Currently I have a number of problems.  Some of these are parser problems
that can be fixed by building a cleaner parser.  That is they are simply a
matter of programming.

However, a big problem I currently have is with the language itself.

An example might show the problems.  Here is an examply SMB description:

SMB funny-smb { # An SMB is a clause
  andx;     # Which can contain an andx marker that trigers the parser to 
            # generate code to handle ANDXs
  request { # There can be one or more requests
    UCHAR Word Count (WCT) = 2;  
    USHORT Some Funny Field;
    BITFIELD 16 A Funny Field = {
      0x01 = { "This value not set" , "This value set" };
    };
    USHORT Byte Count (BCC);
    STRING A String Field;
  }
  response { # There can be one or more responses ...
    # etc ...
  }
}

Now, the first big problem that I see it that the language and parser are
tied to generating Ethereal decode modules.  I would like something a
little more general and am looking for ideas on this.

I think I need to separate declaration from actions.

Something that comes to mind is that each statement could have a
declaration part and an action part.  When combined with:

  Include files
  Functions?
  Type definitions

I could have a language that generates Ethereal decode modules as well as a
one that generates code to to a differential comparison of Samba with say
NT4.0 SP6 of NT 2000?

A master include file could specify the code generated by each action?

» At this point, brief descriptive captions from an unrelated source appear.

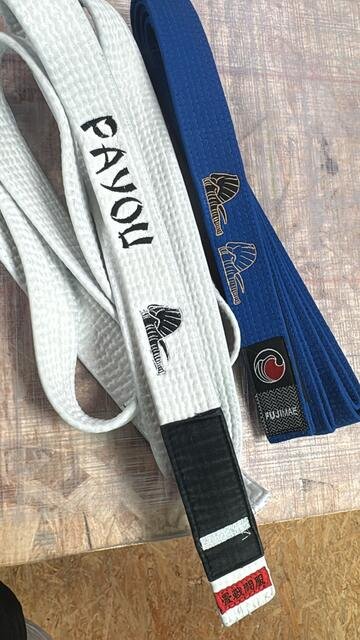 Ceintures de jiu-jitsu brésilien brodées au nom des pratiquants d'un club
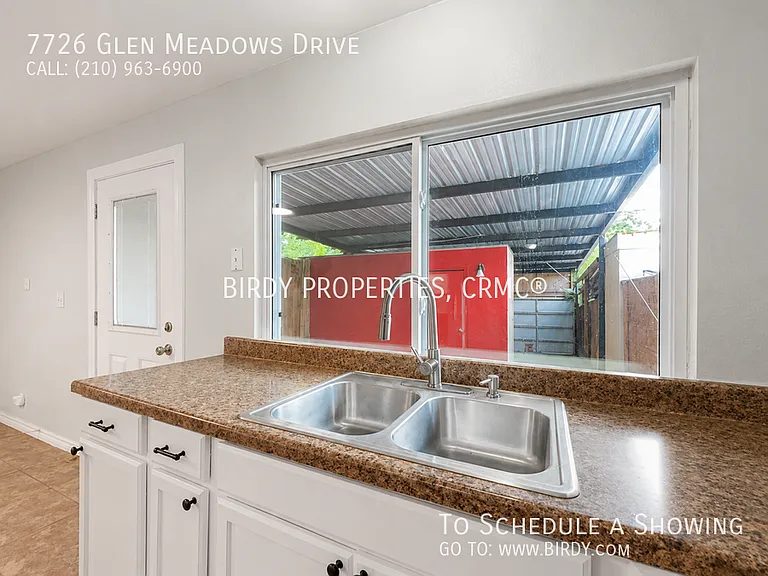 7726 Glen Meadows Dr — Photo 16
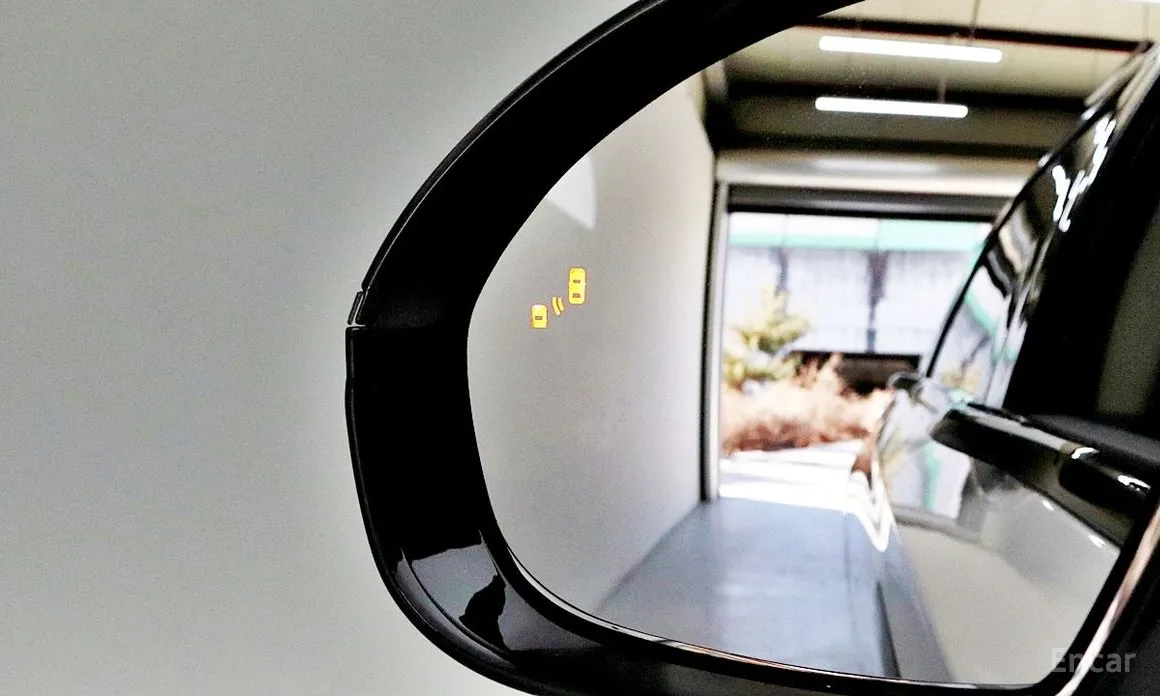 Фото 13 - Lincoln Nautilus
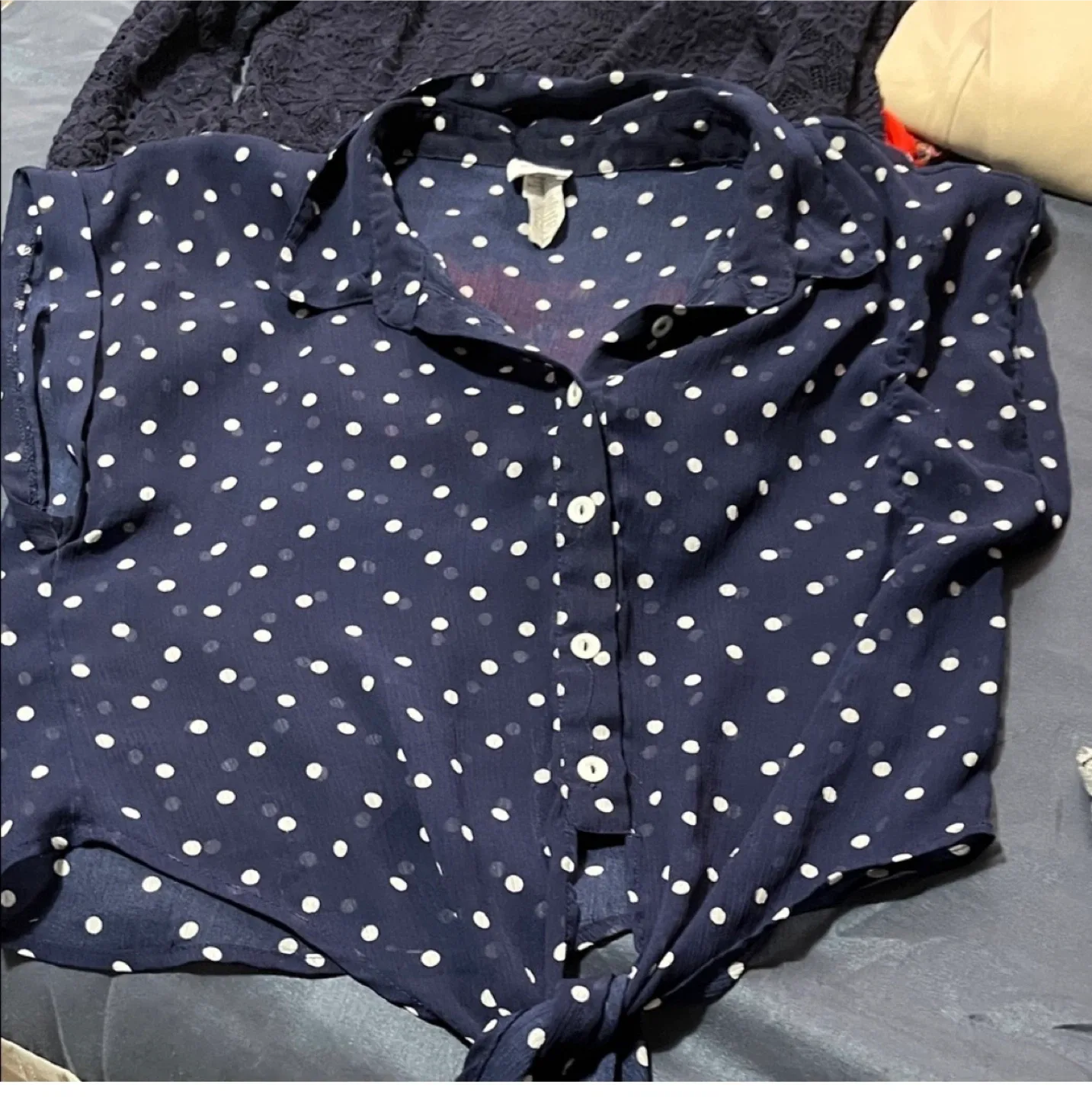 Assorted Women's Tops XS and S size image indicator(3)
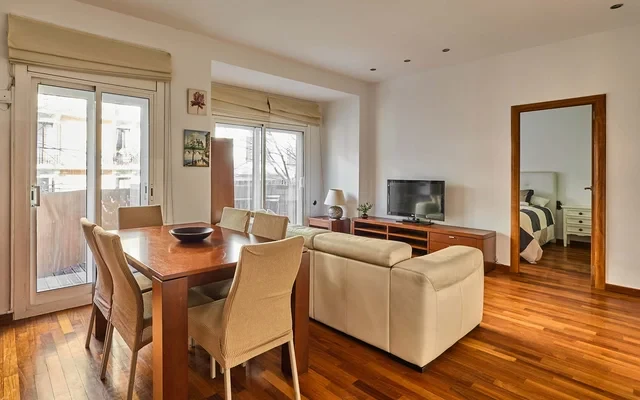 Carrer de la Industria Barcelona 08037 Spain 4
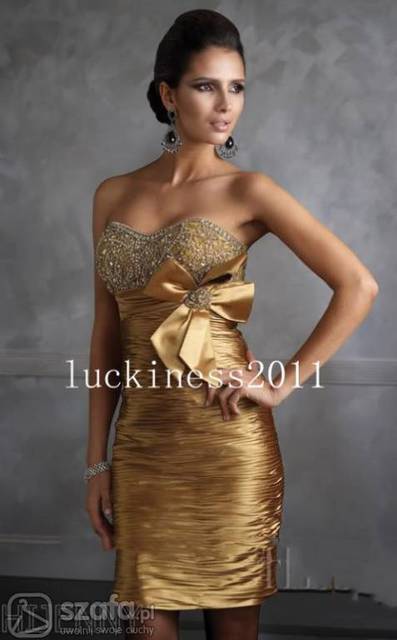 jaka-torebka-do-zlotej-sukienki-24 Jaka torebka do złotej sukienki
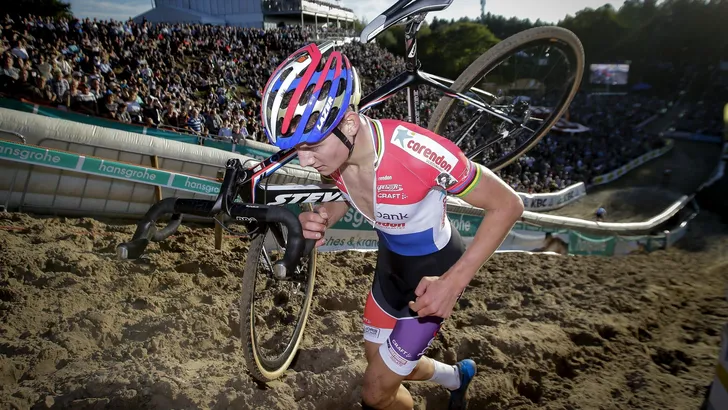 Mathieu van der Poel heer en meester in Zonhoven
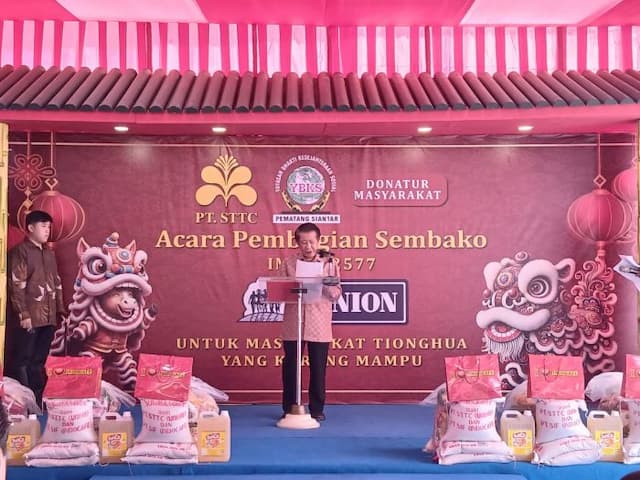 jelang_imlek_2577_pt_sttc_bersama_ybks_dan_donatur_bagikan_sembako_kepada_warga_kurang_mampu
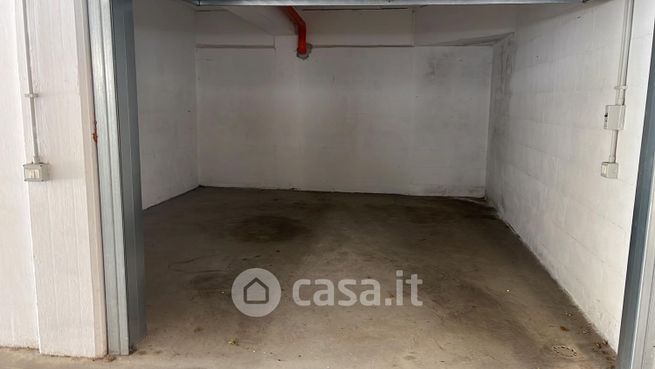 Garage/posto auto in residenziale in Via degli Orti di Malabarba 29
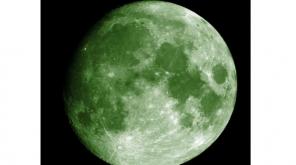 Hoaxers Will See Green Moon On April 20 After 420 Years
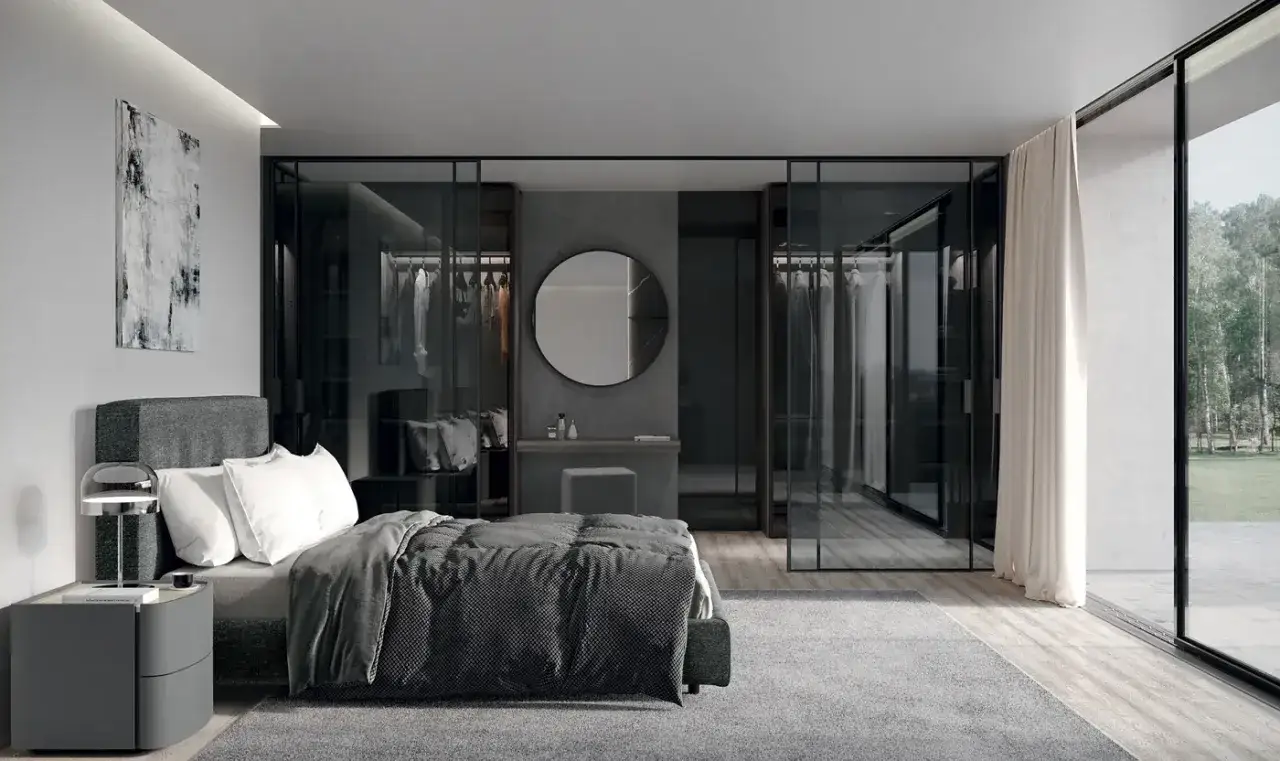 Elegante camera da letto con letto grigio scuro, abbinamenti moderni e cabina armadio a vista.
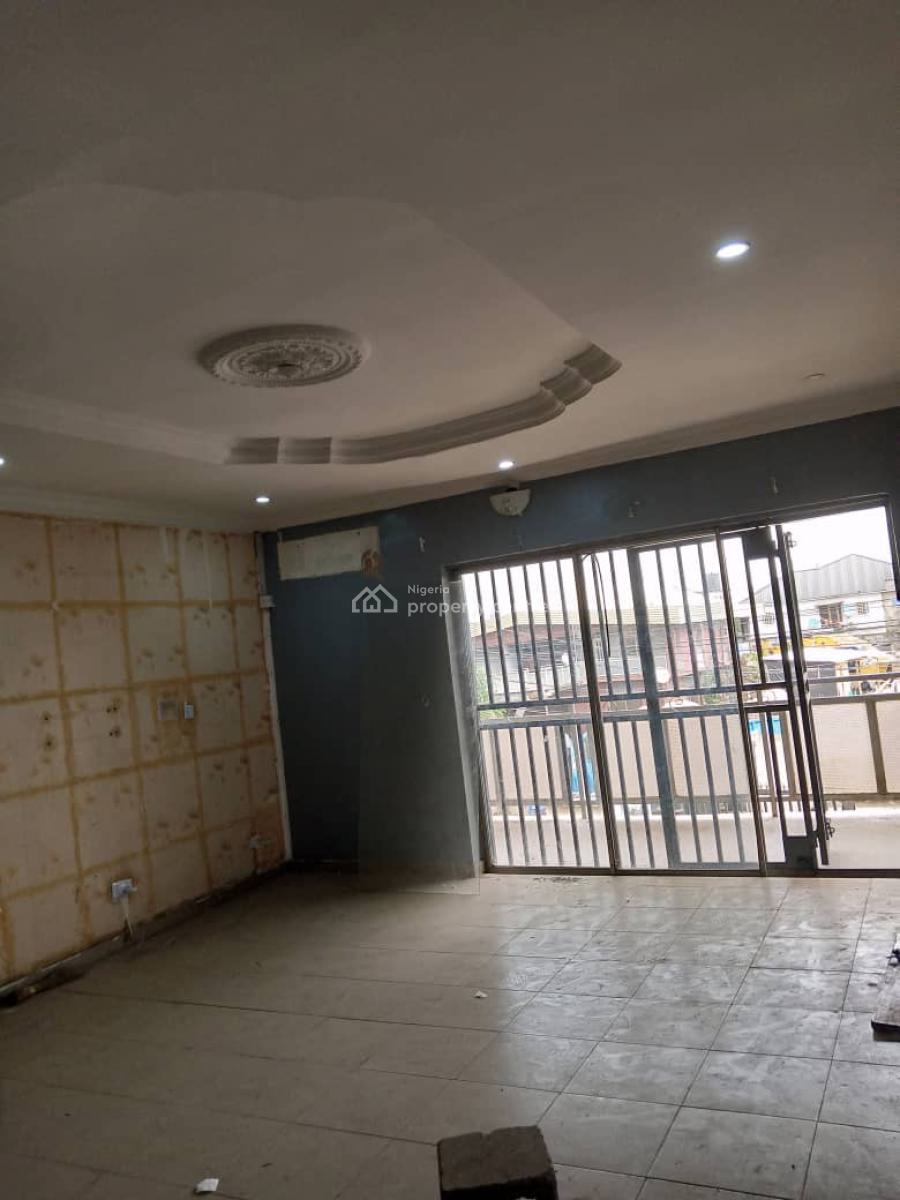 3 Bedroom Apartment, Atunrase Estate, Gbagada, Lagos, Flat / Apartment for Rent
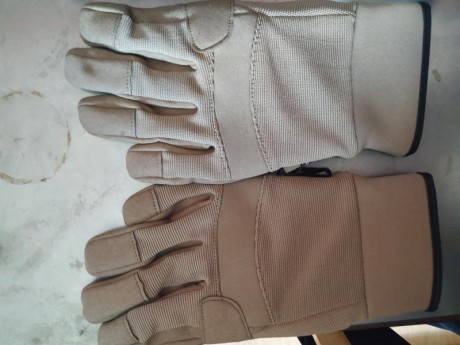 Vendo estos guantes reglamentarios del Ejercito Español talla 10.
El precio es de 18 euros con los gastos 00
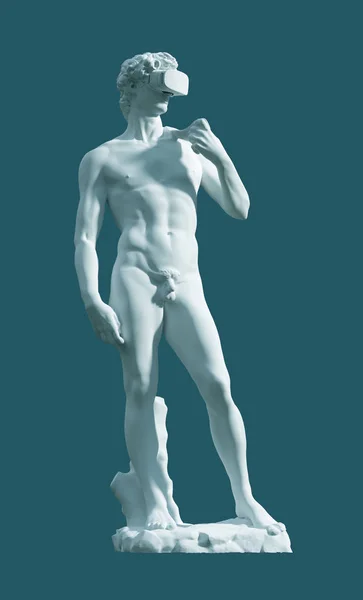 Sculpture David avec des lunettes VR sur fond bleu — Photo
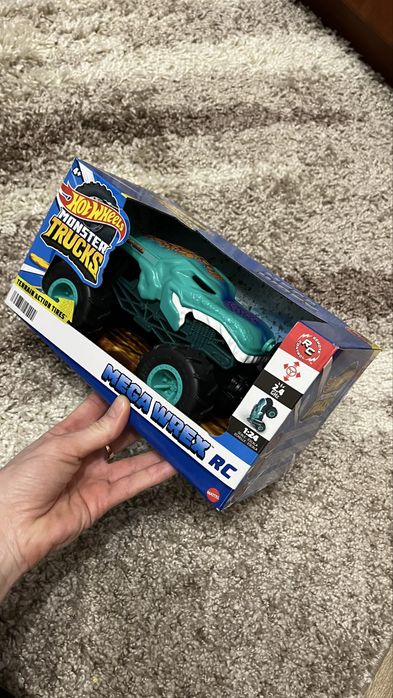 радіокерована машинка Hot Wheels Monster Trucks Mega-Wrex RC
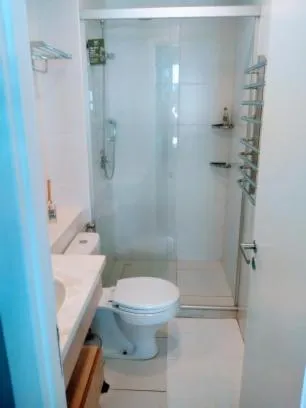 Bathroom in Salvador Mondial Flats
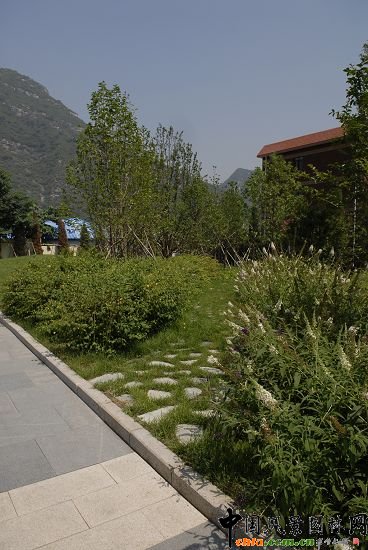 Ƕ��ʯ·����ͨ��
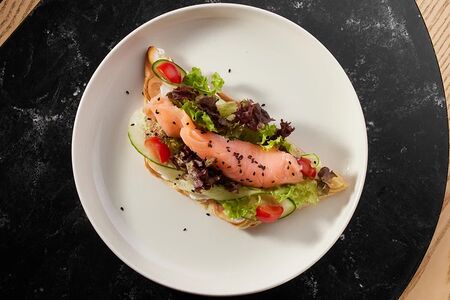 Вафля с лососем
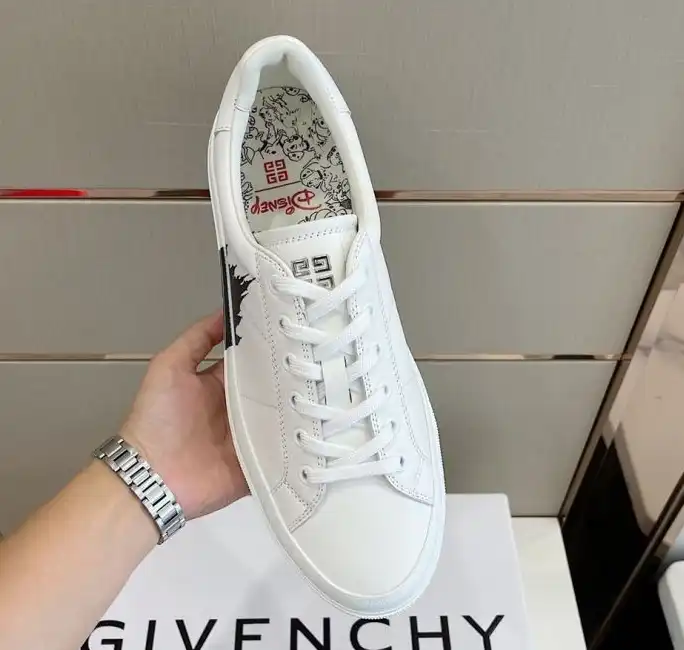 hype Givenchy Sneakers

So, the syntax might look like:

proto SMB = {
unit funny-smb {
  UCHAR Word Count (WCT) [wct] %gen-ushort();
  # Which means there is a field of type USHORT and that the action
  # gen-ushort should be called with the parse tree element for this 
  # item to generate code to handle the field.
  UCHAR AndXCommand [andxc];
  # Declare this item for later use, ie, name the node in the parse tree
  UCHAR AndXReserved;  # Ignore this field
  USHORT AndXOffset [andxoff];
  request {
    %gen-if(wct, "=", 4);  # Generate code to compare wct to 4
    USHORT Field 1 %gen-ushort();
    USHORT Field 2 %gen-ushort();
    etc ...
    %end-gen-if();         # End of code to display one format
    %gen-if(wct, "=", 3);
    USHORT Field 1 %gen-ushort();
    USHORT Field 2 %gen-ushort();
    etc ...
    %end-gen-if();
    etc ...
  };
  response {
   USHORT Count [cnt] %gen-ushort(cnt);
    ... some fields
   REPEAT cnt of {  # Indicates repeats based on cnt
     USHORT Resp 1 %gen-ushort();
     USHORT Resp 2 %gen-ushort();
   };  
  };
  %gen-andx(andx-command);  # Generate code to do the andX
}

There are some other ideas lurking around ... What do you folks think?

Regards
-------
Richard Sharpe, sharpe@xxxxxxxxxx, NS Computer Software and Services P/L,
Samba (Team member www.samba.org), Ethereal (Team member www.zing.org)
Co-author, SAMS Teach Yourself Samba in 24 Hours